LAYTON -- Students at Crestview Elementary got to play football with Utah Blaze football players Friday morning instead of going to class.
The school's PTA organized a Back to Football Friday party in conjunction with an annual nationwide contest held by the National Football League.
The NFL offers a $10,000 health and wellness grant to 34 schools that compete by holding a celebration on Sept. 9 to commemorate the upcoming football season.
Crestview's PTA documented the event with photos and will submit them in an attempt to win the grand prize, which includes an NFL team celebration. They also will submit essays explaining how their school would benefit from the grant.
"I'm a huge football nut, so I decided I wanted to do something fun with football," said PTA president Jennifer Hunt.
The kids were thrilled with the arrival of Utah Blaze mascot, Torch the tiger, and Utah Blaze players Will Mulder, Michael Lewis, Caesar Rayford and Antonio Marcisse.
The players ran football drills with the kids and showed them the joy of being outdoors and active. Kids were taught how to throw a football through a Hula Hoop, high-step through tires, weave their way through cones and play hot potato with a football.
"This is a blast. I could do this all day long. I'm enjoying myself," said Marcisse, who plays center for the Blaze.
The school encouraged students to wear their favorite team colors or jerseys as part of the party.
Third-grader Marquise Huffaker made his own custom shirt for the event. He used a white T-shirt and markers to create his own jersey complete with his last name, the number 20 and a Chicago Bears helmet.
"This is awesome," Marquise said, waiting his turn to hop through tires.

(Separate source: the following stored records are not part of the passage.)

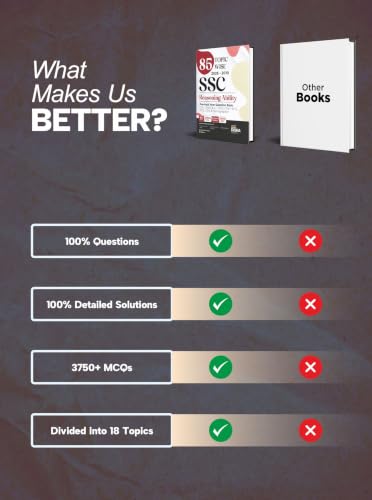 Image of 85 Topic-wise 2026 - 2010 SSC Reasoning Ability Previous Year Question Bank - CGL (Tier I & II), CHSL (Tier I & II), MTS, CPO & Stenographer 8th Edition
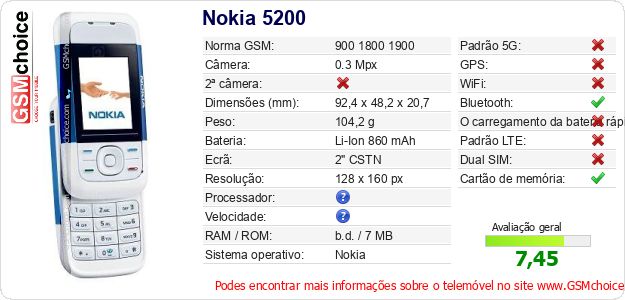 Nokia 5200 Especificações técnicas do telemóvel 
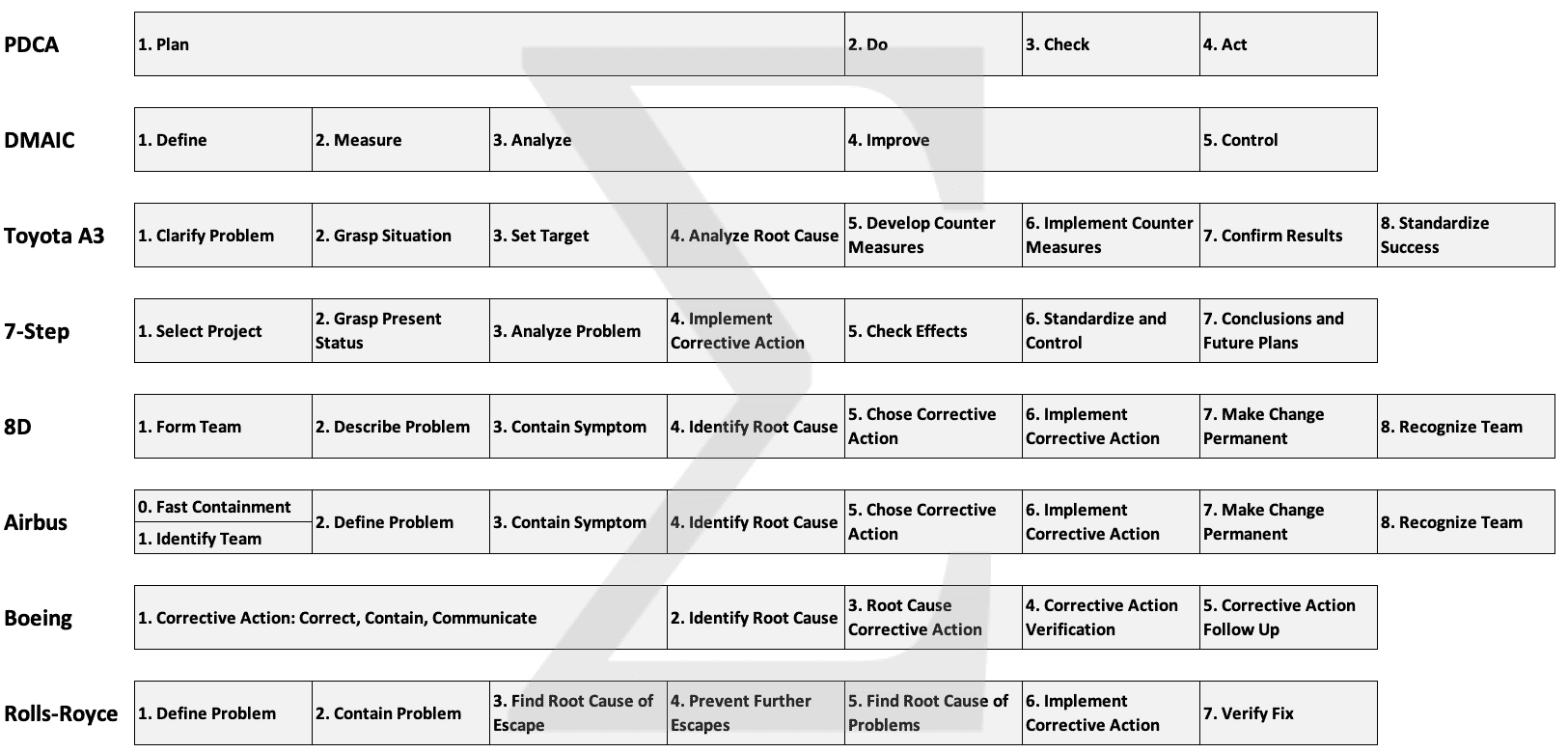 Problem solving, comparison of different processes - PDCA, DMAIC, Toyota A3, 7-Step, 8D, Airbus, Boeing, Rolls-Royce.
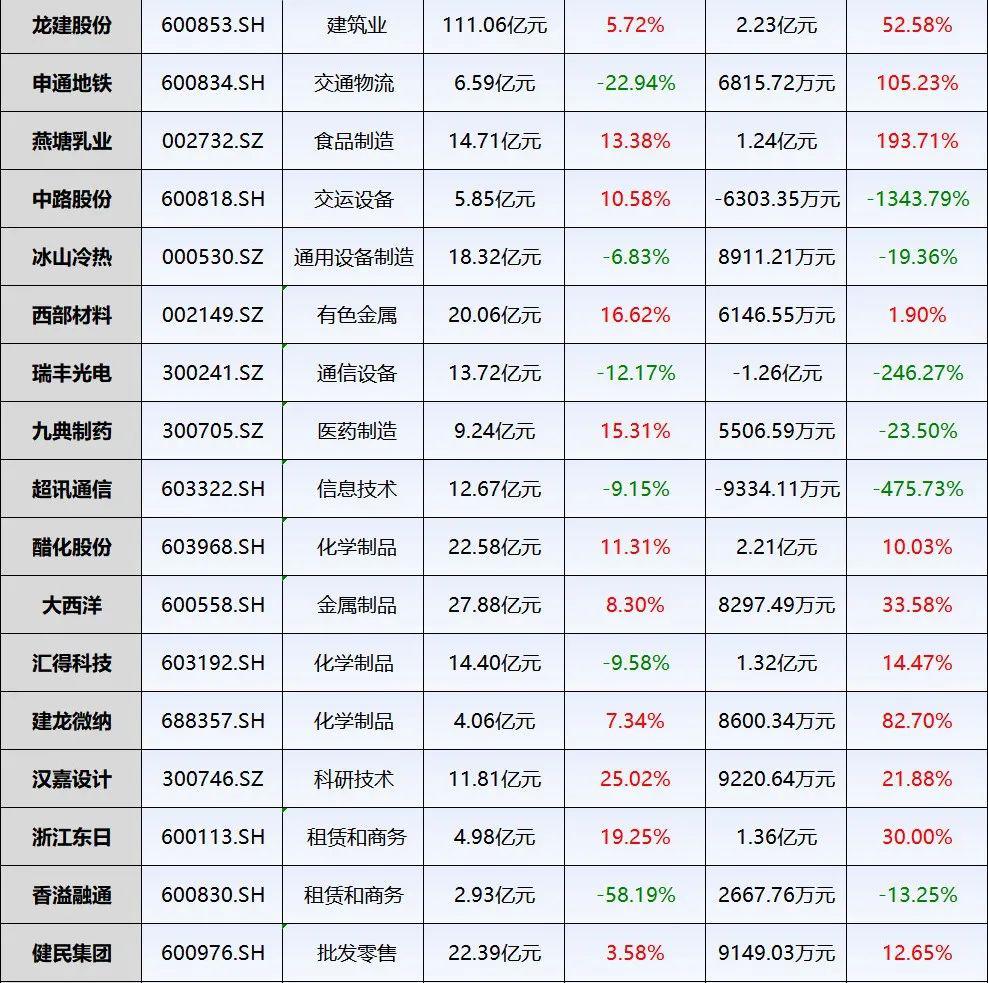 香港六开奖结果2024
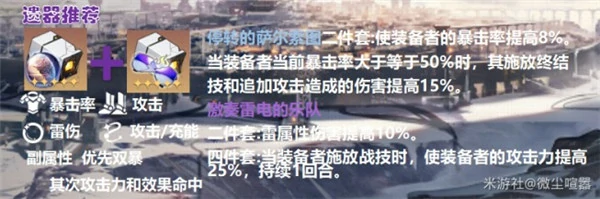 希露瓦培养攻略,星穹铁道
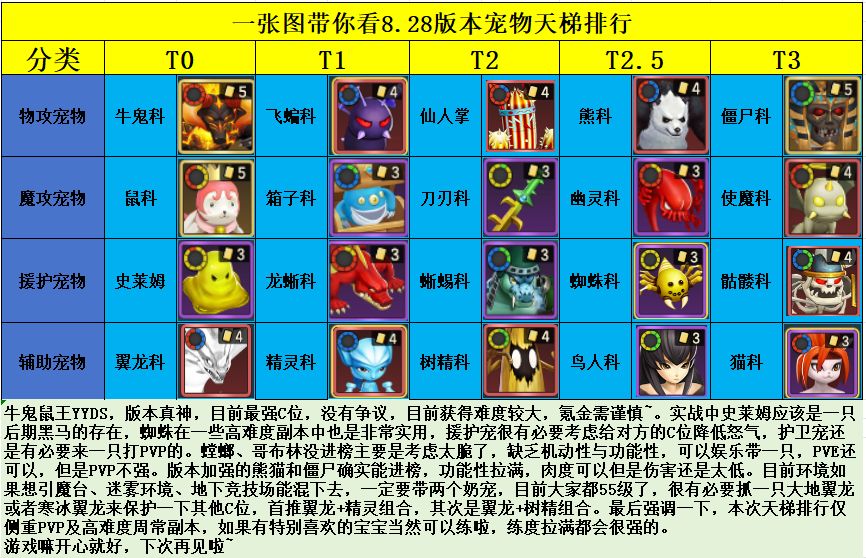 一张图带你看8.28版本宠物天梯排行 2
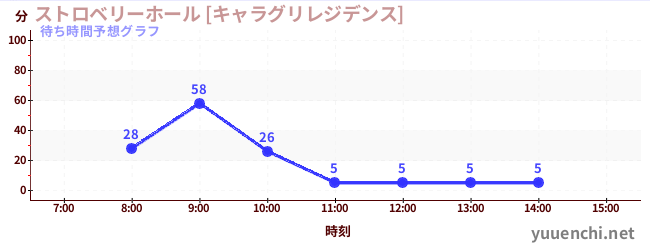 今日の混雑予想（ストロベリーホール [キャラグリレジデンス])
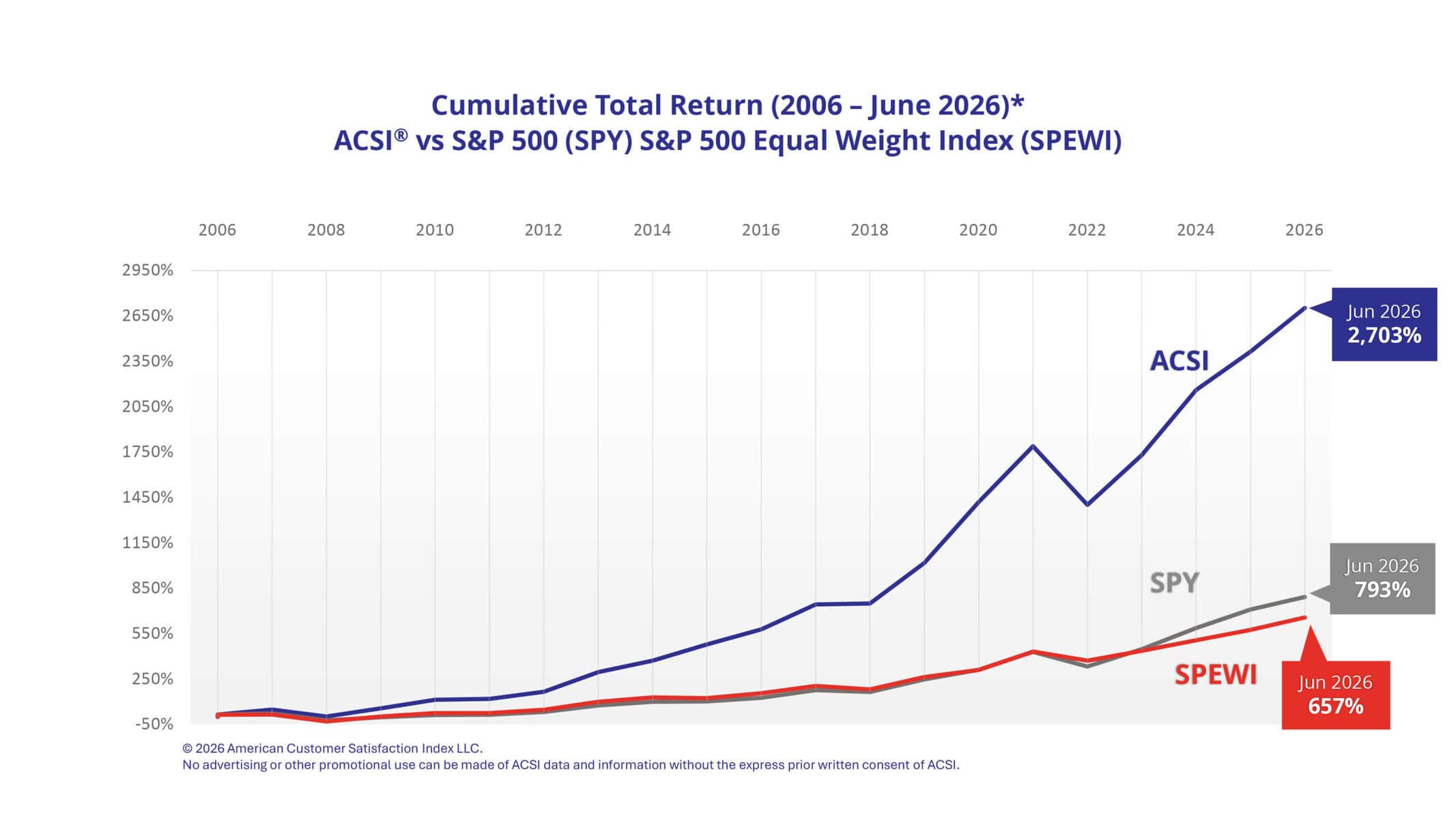 Cumulative Total Return (2006-Aug 2026) Cumulative Total Return (2006-Aug 2026)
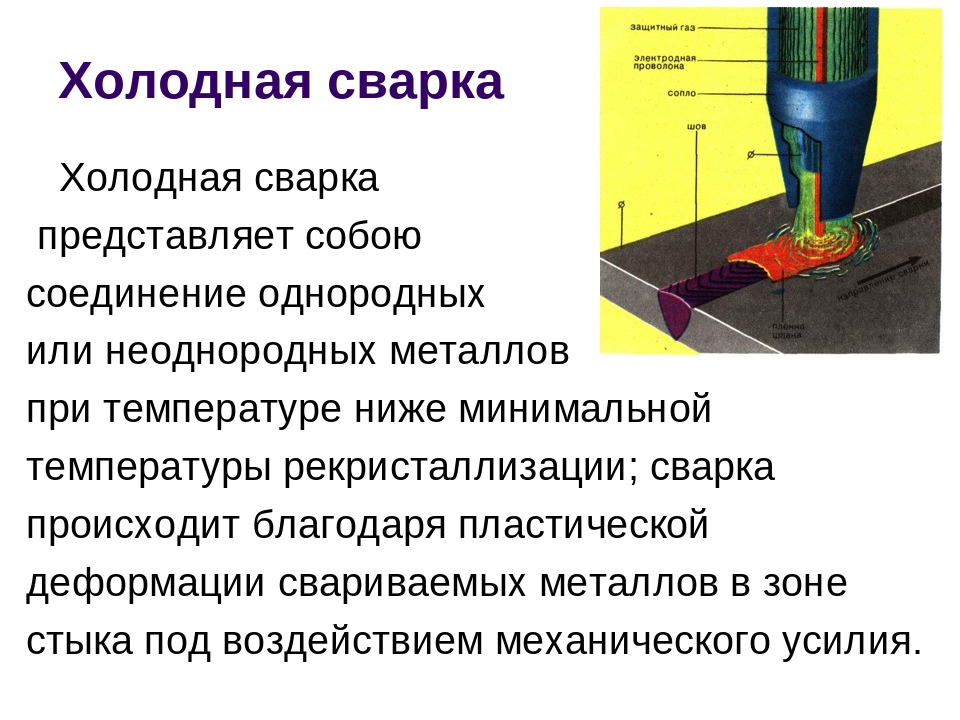 Холодная сварка: виды и практическое применение | строй советы
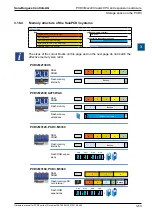 Предварительный просмотр 76 страницы SBC PCD3 Series Manual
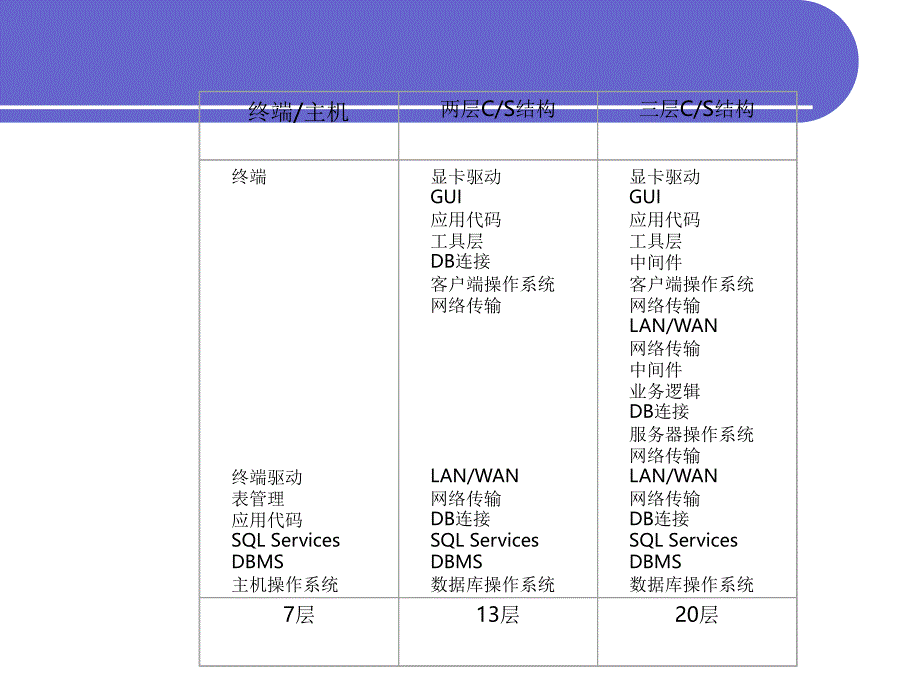 软件测试 教学课件 ppt 作者  郑人杰 许静 于波 第6章系统测试--性能测试_第4页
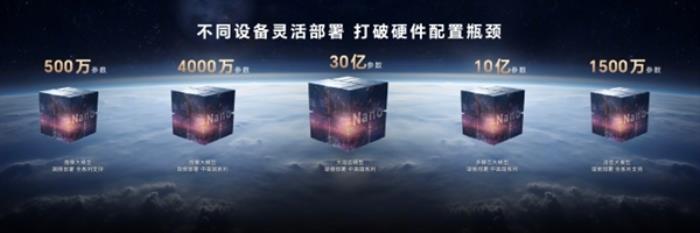 荣耀Magic7系列首发！MagicOS 9.0正式发布：行业最强AI体验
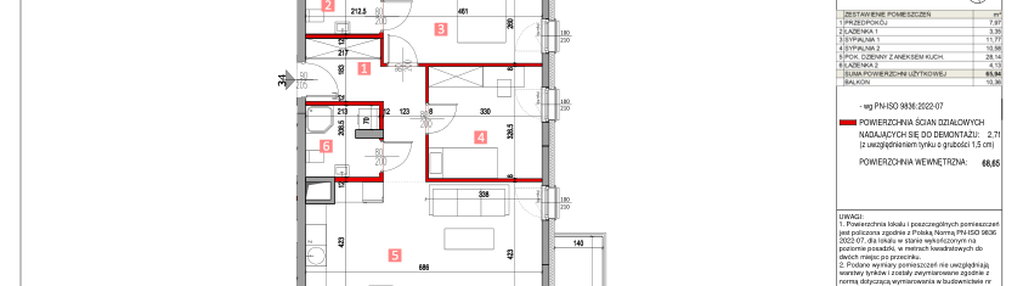 Mieszkanie w inwestycji: Apartamenty Pustułeczki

While the kids were focused on the fun and games, teachers, administration and PTA members could see the benefits of the children learning to play outdoors and be active.
"This is just so exciting. What a great opportunity for our kids to participate in organized football games that are centered on fitness and learn things that they can do to play outside of school, active play that's not video games," said Crestview Principal Lori Hawthorne.
Hawthorne also has her eye on the $10,000 prize that the school could win and listed multiple ways it could benefit the school: pedometers for each student, heart-rate monitors for the physical education classes and an additional quarter-mile track around the playground.
She explained how the kids could use the pedometers to see how far they walk in a day, and then use their math skills to convert steps to miles. The school has many long hallways and an outdoor quarter-mile track, potentially enabling students to take thousands of steps a day, she said.
Heart-rate monitors would benefit students by helping them better understand their fitness level, she said. The monitors would also help them determine how hard they need to push their bodies to get benefits from exercise.
Hawthorne praised the benefits of physical exercise and said it can improve a student's academic performance.
The students also had plenty of ideas about where to spend the money: a new swing set, dirt bikes, horses, dogs and a water party every Friday.
Third-grader Laval Stephens was excited about getting to play football instead of going to class. He said he would like it if every day were Football Friday.
Second-grader Braxten Wyne agreed, saying, "I love football."